HEADQUARTERS FIFTH DIVISION, Memphis, Tenn., July 27, 1862.
JOHN PARK, Mayor of Memphis:
SIR: Yours of July 24 is before me* and has received, as all similar papers ever will, my careful and most respectful consideration.
I have the most unbounded respect for the civil law, courts, and authorities, and shall do all in my power to restore them to their proper use, viz, the protection of life, liberty, and property.
Unfortunately at this time civil war prevails in the land, and necessarily the military for the time being must be superior to the civil authority, but does not therefore destroy it. Civil courts and executive officers should still exist and perform duties, without which civil or municipal bodies would soon pass into disrespect-and end to be avoided.

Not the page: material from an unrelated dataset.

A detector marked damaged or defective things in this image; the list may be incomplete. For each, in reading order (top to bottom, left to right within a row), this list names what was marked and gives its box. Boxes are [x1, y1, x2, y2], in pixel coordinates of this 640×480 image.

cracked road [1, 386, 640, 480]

I am glad to find in Memphis yourself and municipal authorities not only in existence but in the exercise of your important functions, and I shall endeavor to restore one or more civil tribunals for the arbitrament of contracts and punishment of crimes which the military authority has neither time nor inclination to interfere with.

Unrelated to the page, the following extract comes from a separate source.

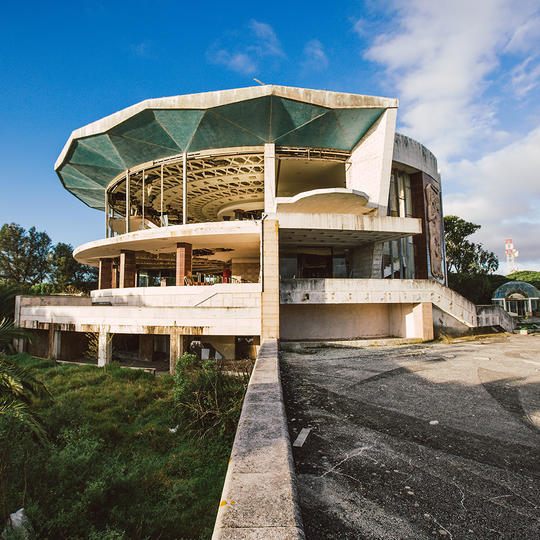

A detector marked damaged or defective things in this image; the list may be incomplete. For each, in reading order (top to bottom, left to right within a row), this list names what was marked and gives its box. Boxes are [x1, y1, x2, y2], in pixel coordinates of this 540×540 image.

cracked asphalt [280, 336, 540, 536]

Among these, first in importance, is the maintenance of order, peace, and quiet within the jurisdiction of Memphis. To insure this I will keep a strong provost guard in the city, but will limit their duty to guarding public property held or claimed by the United States, and for the arrest or confinement of State prisoners and soldiers who are disorderly or improperly away from their regiments.
This guard ought not to arrest citizens for disorder or common crimes. This should be done by the city police. I understand that the city police is too weak in numbers to accomplish this perfectly, and I therefore recommend that the city council at once take steps to increase this force to a number which, in their judgment, day and night, can enforce your ordinance as to peace, quiet, and order, so that any change in our military dispositions will not have a tendency to leave your people unguarded.
I am willing to instruct my provost guard to assist the police force where any combination is made too strong for them to overcome, but the city police should be strong enough for any probable contingency.
The cost of maintaining this police force must necessarily fall upon all citizens equitably.
I am not willing, nor do I think it good policy, for the city authorities to collect the taxes belonging to the State and county, as you recommend, for these would have to be refunded. Better meet the expenses at once by a new tax on all interested. Therefore if you, on consultation with the proper municipal body, will frame a good bill for the increase of your police force and for raising the necessary means for their support and maintenance, I will approve it and aid you in the collection of the tax. Of course I cannot suggest how this tax should be laid, but I think that it should be made uniform on all interests, real estate and personal property, including money and merchandise. All who are protected should share the expenses in proportion to the interests involved.